METU E-List Admin wrote:
We are using Mailman 2.1.13 from Debian repositories (which is the latest version for squeeze). We are facing late mail delivery problems and after some research, we think we managed to overcome these problems by changing some configuration options.
I don't know what you did or what the issue was, but delivery delays in Mailman are usually caused by OutgoingRunner being backlogged and fixed by tuning the MTA to speed up acceptance of list mail.
Although Mailman seems to running fine, we have observed an issue.
The issue is related with IncomingRunner. This qrunner process takes up approx. 1 GB RAM and sometimes causes high loads. We couldn't determine what causes high RAM and CPU usages.
The question is; this is an expected result of Mailman process?
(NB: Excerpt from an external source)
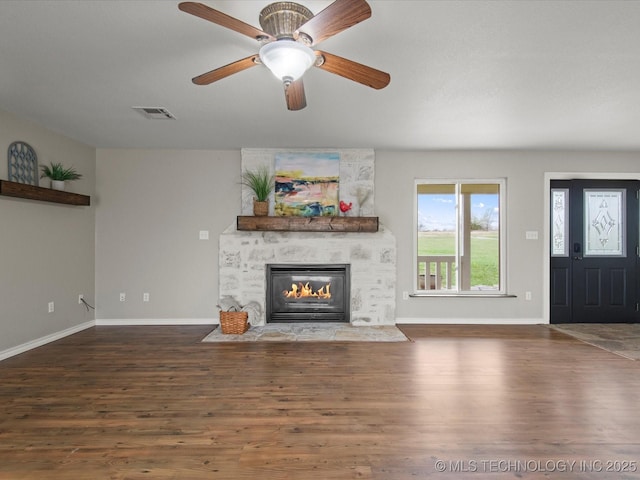 unfurnished living room with a large fireplace, visible vents, baseboards, and wood finished floors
If not, how can we determine the root cause of this problem?
I'd need more information to speak to high CPU usage, but there are a couple of factors that cause runners to grow large
The basic issue is with Python's memory management. If a Python process grows large because there is some object that requires a lot of memory, when that object is no longer referenced, the memory is freed within the Python process and is available for reuse, but unused memory is not freed from the process and returned to the OS. Thus, a Python process can grow to accommodate large objects, but even when that memory is freed within the process, the process doesn't shrink.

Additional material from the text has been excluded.